New York-based cartoonist Xia Gordon’s 13-page, black and white minicomic Sorry! speaks this language, and, in doing so, gives us access to our own experiences of fervor, empowerment, and fixation. As comics poetry, Sorry! forces its emotion into the narrows of thin inked lines. As a cartoonist, Gordon plays with power through images of wounds and sutures, hazy swirled lines and suggestions of blood.
Is this about love? Is this about obsession? Is this about agency? What exactly, as the title emphatically points to, is the artist to feel sorry for? Answers are fluid in Gordon’s pages; they are left in the liminal place between emotions anticipated and those deeply felt. The characters of ”You” and “I” in the book are as ill-defined as the abstraction of most of the images scattered in the book’s panels. What remains in the gray space of comprehension, though, is visceral and unsettled. The wash of feelings here leaves the reader here uneasy with what they have just experienced. And yet, like a four-car pile up in your peripheral view, you can’t help but turn your head and stare.
The rawness and nakedness of emotion of Sorry! comes from where the words and images collide. Chrissy Williams, co-editor of Over the Line: An Introduction to Poetry Comics, said in a recent interview, this genre works best “…when comics are enticed away from the narrative drive that’s inherent to a sequential visual medium, and when poetry is challenged to react to and work with visual elements on the page.” Xia Gordon allows for both of these things to occur in this book. The fluidity of line and the amorphousness of form in these 13 pages play accompaniment to the sharp and pointed words that Gordon narrates.
Here, images act almost as line breaks — providing a space for breath — but Gordon’s art fills that space with punctuation and constriction, adding thickness to the entire experience. Here, a flattened human figure floats in an abyss of black ink as Gordon writes “my safety, my protection.” Here, a wound sutured to hold in that flat body is punctuated by the words “eating your whole/burning a hole into you.”
Each of Gordon’s visual decisions enhances that which is caustic and powerful while providing a platform for ideas around power and obsession to leap into the fore. But even this interpretation is malleable, dependent upon what I bring as a reader to the experience of reading this book. This is the purview of comics poetry.
Ultimately, Xia Gordon’s Sorry! is a personal experience. By using all the tools of comics poetry, Gordon expresses what must have been an original intent. Yet by choosing to use these same tools, the book itself is no longer the sole property of the artist.
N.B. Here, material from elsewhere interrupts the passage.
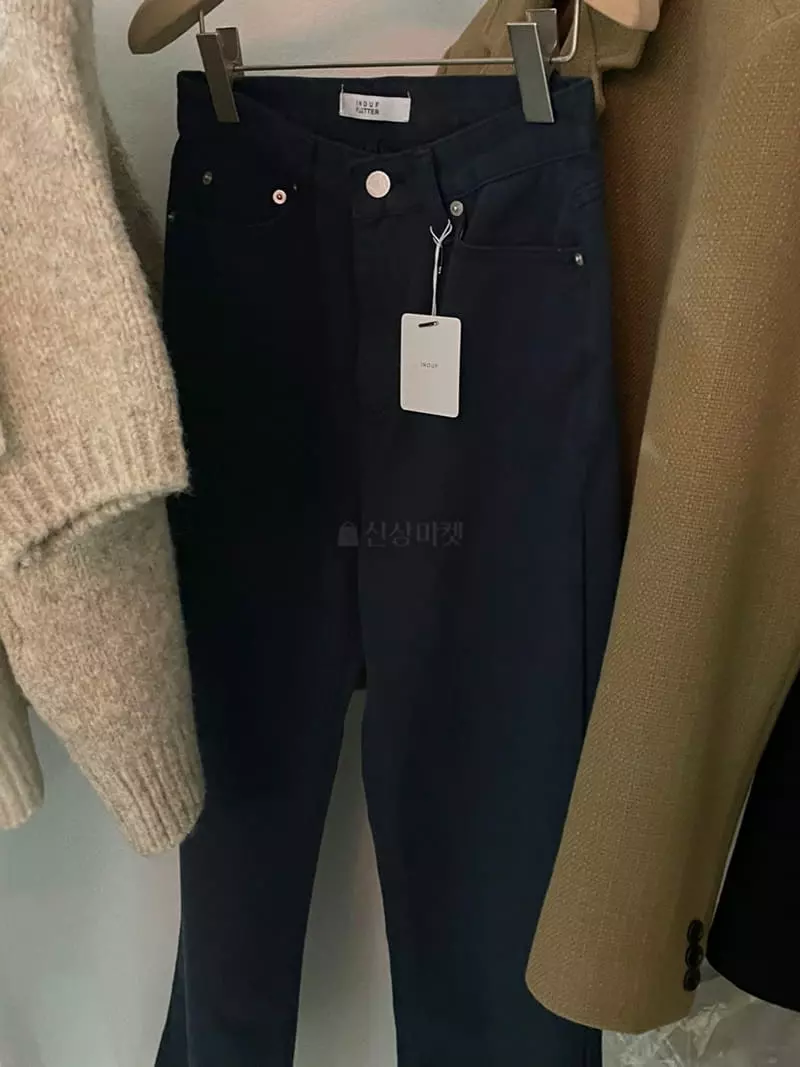Flutter - Korean Women Fashion - #womensfashion - Serise Jeans - 3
The experience it generates belongs to the world on a deeply personal basis. It gives narration to an individual personal story, told only in the head of each reader. It connects to lived experience — to passion and its emotional consequences, to those times you’ve expressed your power and seen what that expression does to the self-image of those you care deeply for. It’s comics poetry. It defines itself. Sorry! unlocks that which is within and, in doing so, offers no apologies.